Project
Management
A connected project lifecycle covering four stages — from capacity check before the proposal leaves, to change order billing after scope shifts — with no manual handoffs between them.
The Gap I Found
Four breakpoints.
None of them connected.
Projects were being created, committed to, staffed, and run without any system governing the full lifecycle. Proposals went out without capacity checks — which meant teams were being promised to clients before anyone verified there was room on the calendar. When a project was won, team assignment happened through Slack threads and informal conversations. Nobody was tracking whether the team being assembled was actually available.
Budget overruns appeared on invoices, not in real time. By the time the finance team noticed, the margin was already gone. And when scope changed — as it always does — the process for billing that change was slow enough that most of it got absorbed. Not because anyone decided to write it off. Because following the process felt harder than just doing the extra work.

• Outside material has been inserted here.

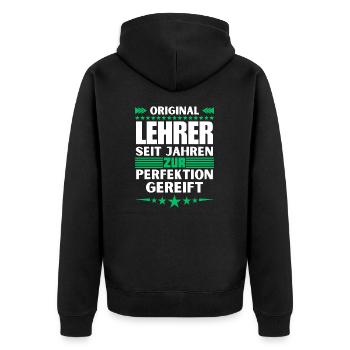 Zur Perfektion gereifter Lehrer - Unisex Premium Bio Zip Hoodie - Schwarz - Hinten - Nico (187cm)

Each of these gaps existed at a different stage of the lifecycle. None of them were individually catastrophic. Together, they were the reason the business was undercharging, over-committing, and perpetually catching up.
Why It Happens
Each stage was its own process.
Nothing triggered the next one.
Commitment, staffing, delivery, and scope change each existed as a separate manual process with no triggers linking them. The proposal stage had no connection to capacity data. The staffing stage had no connection to the project record. The delivery stage had no live view of budget consumption. The scope change stage had no automated path to billing.

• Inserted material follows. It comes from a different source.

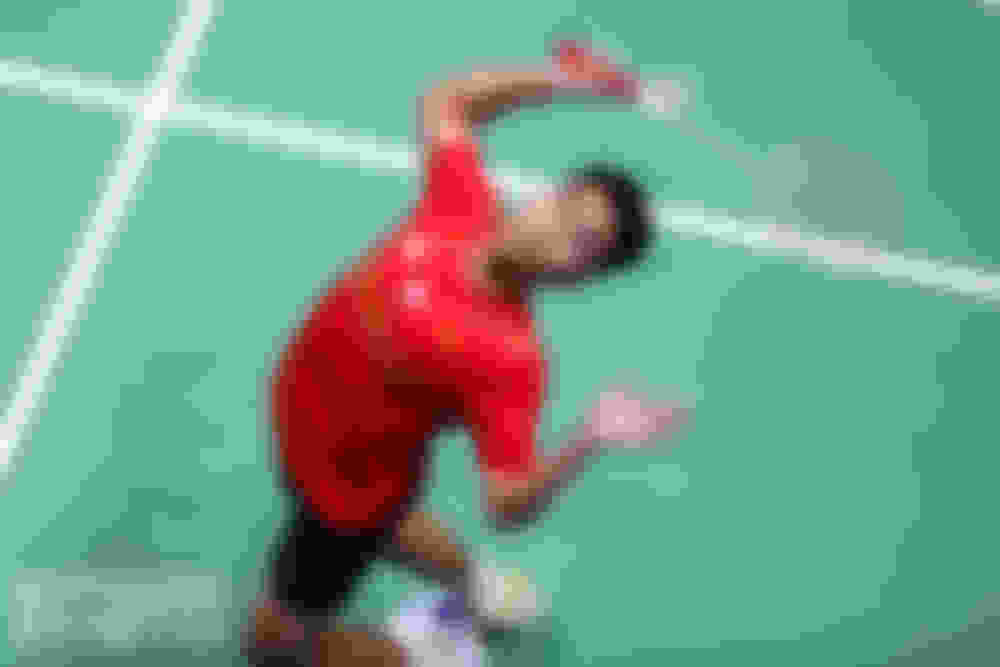 Indonesia's Anthony Ginting at the 2021 Sudirman Cup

The gaps weren't visible individually because each stage looked functional on its own. They only showed up as margin erosion and delivery strain over time — the kind of slow bleed that doesn't declare itself as a systems problem until someone finally maps the full lifecycle end to end.
What I Designed
A connected lifecycle.
Four stages. One system.
The design starts from a simple principle: every transition in the project lifecycle should trigger the next stage automatically. No proposal should leave without a capacity check. No contract should be signed without a team being assigned. No budget should be consumed without someone being alerted before it runs out. No scope change should be absorbed when there's a system that can bill it.
The four stages below cover the full lifecycle — from the moment an opportunity is being evaluated to the moment a change order updates the invoice schedule.
Systems Involved
What Changed
The lifecycle runs on triggers,
not memory.
Before, over-commitment was discovered at delivery. Teams were assembled through Slack threads. Budget overruns appeared on invoices. Scope changes were absorbed rather than billed — not as a policy, but because the process to bill them was slower than the work itself.
0
Proposals without a capacity check
Over-commitment used to be discovered at delivery. Now the gate runs before the promise is made. Leadership is only flagged when there's still time to decide differently.
→
Team assigned in minutes, not days
Before, teams were assembled through Slack threads. Now the right people are assigned at project creation and the Capacity View updates immediately.
90%
Budget alert threshold — not 100%
The alert fires when 90% of hours are consumed. Project managers have a window to act — a scope conversation, an early change order — before the budget runs out.
↑
Scope changes billed, not absorbed
Before, the process to bill out-of-scope work was slow enough that most of it was written off. Now the change order is routed, approved, and seeded into billing automatically.
Now each stage has a trigger. The project lifecycle runs as a system, not as four separate tasks that somebody has to remember to do in the right order.
How It Connects
Sits at the center
of the delivery system.
The capacity gate at Stage 1 only works if the Capacity View is kept current — which depends on Time Approval & Payroll writing locked hours back to it on every approval cycle. If time entries are delayed, the capacity check is running on stale data. The two workflows are designed to run together.
Project creation at Stage 2 depends on Customer Onboarding having already seeded the Project DB when the contract was signed. And the change order approval at Stage 4 writes directly to the Financial DB invoice schedule, which Invoice & Billing processes downstream. A signed change order becomes a billed line item without any additional steps.